Marriage does not change this. You do not lose your identity or your responsibility for you when you marry. You are still “you” in marriage before you are a member of an “us.” While spouses do impact and influence one another in marriage, they are not responsible for the management of each other. When each spouse manages and cares for themself well as an individual, different things are possible in the relationship.
Few of us have had healthy self-management modeled for us. In each of the points above, do a self-assessment and reflect on where you could improve or enhance your investment in them. When that management becomes challenging, be curious about yourself. Judgmental postures toward ourselves keep us stuck and frustrated. If Simon or Jillian find themselves engaging in damaging internal or external reactivity, emotional pain is usually present, fear might be hijacking either spouse, and some deep woundedness needs attention.
Sometimes, knowing how to care for self, how to slow down and regulate, or how to experience health or healing can feel new, awkward, or overwhelming. For Simon, Jillian, or any of us, working with a counselor to help identify how to bring intentionality and care can be helpful.
Start with “real oneness”
“Oneness” is first and foremost about you and the Lord.
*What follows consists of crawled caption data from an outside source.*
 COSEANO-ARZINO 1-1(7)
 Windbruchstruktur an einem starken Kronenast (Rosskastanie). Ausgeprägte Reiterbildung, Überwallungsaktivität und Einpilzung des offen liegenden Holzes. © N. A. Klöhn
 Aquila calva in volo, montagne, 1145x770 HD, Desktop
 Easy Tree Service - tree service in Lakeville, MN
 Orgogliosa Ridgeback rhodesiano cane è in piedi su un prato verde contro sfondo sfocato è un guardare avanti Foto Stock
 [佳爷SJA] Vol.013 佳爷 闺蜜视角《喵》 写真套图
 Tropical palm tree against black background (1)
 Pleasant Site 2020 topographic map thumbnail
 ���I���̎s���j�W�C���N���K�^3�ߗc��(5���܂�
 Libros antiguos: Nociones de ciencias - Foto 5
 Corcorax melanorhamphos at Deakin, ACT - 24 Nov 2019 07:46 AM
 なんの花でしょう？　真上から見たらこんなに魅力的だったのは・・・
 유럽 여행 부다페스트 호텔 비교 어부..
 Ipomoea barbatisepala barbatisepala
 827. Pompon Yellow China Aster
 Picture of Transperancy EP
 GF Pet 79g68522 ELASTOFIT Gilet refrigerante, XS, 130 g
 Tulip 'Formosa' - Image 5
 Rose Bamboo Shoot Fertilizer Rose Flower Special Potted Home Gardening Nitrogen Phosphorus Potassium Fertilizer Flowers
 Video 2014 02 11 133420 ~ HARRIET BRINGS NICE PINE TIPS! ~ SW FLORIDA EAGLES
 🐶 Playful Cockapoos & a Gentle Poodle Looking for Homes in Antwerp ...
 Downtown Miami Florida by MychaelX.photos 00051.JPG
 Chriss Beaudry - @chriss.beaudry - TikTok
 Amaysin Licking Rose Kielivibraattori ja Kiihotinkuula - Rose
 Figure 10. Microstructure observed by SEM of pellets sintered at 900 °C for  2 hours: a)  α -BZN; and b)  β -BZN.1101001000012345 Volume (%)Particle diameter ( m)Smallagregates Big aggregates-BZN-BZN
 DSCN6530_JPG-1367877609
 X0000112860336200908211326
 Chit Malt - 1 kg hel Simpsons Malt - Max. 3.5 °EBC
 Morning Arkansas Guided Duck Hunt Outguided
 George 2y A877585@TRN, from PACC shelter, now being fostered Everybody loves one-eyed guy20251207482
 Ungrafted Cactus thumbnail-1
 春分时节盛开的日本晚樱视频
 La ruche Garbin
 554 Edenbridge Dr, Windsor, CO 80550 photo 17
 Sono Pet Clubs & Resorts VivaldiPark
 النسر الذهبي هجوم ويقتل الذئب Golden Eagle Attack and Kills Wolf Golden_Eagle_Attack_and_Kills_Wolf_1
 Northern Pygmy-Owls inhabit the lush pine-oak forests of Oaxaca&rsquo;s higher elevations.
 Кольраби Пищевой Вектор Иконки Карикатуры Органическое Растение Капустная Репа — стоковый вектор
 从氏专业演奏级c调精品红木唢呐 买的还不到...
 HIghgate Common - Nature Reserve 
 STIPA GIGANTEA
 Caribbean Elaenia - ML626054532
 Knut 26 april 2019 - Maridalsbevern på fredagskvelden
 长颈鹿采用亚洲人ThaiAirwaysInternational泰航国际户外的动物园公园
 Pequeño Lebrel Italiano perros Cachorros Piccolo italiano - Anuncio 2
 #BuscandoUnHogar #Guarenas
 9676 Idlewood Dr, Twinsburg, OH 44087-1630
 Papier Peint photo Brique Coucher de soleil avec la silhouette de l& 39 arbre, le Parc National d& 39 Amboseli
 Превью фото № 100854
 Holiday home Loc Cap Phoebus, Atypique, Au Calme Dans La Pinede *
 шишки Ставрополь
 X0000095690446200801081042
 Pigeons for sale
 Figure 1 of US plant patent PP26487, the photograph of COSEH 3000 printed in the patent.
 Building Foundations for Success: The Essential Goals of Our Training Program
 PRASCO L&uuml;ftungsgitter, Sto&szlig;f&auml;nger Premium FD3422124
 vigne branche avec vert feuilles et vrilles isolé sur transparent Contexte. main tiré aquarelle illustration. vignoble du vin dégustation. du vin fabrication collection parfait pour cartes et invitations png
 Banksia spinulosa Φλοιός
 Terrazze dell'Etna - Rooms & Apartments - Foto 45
No person was ever designed to fix you, heal you, change you, or save you except Jesus Christ. He is our Healer and Savior, not anyone or anything else. If Jillian slides Simon into that spot, or even the marriage itself into that spot, idolatry occurs. If Simon needs Jillian and just wants a relationship with God, he has it backwards. In truth, Simon needs God and deeply wants Jillian.
Oneness and intimacy with the Lord come from time spent with Him and from Him being the primary source of all that is needed. It serves to protect you from transferring the longings for deep fulfillment, purpose, belonging, love, protection, identity, and comfort all onto a significant other. To do so would inevitably lead to deep disappointment. Important foundational clarity is critical here: “I need God; I want my spouse.”
The fact is, you matter; just you — not you with a boyfriend, spouse, child, or white picket fence and a “happily ever after.” You are complete, whole, and enough. God wants to move with you, in you, and through you for His plans and purposes in every realm of your being. Your relationships matter to Him. Your life matters to Him.
So don’t lose yourself in dreaming about a life partner, and don’t lose yourself in marriage if and when it eventually happens. You have what it takes to take responsibility for you. Jump in today!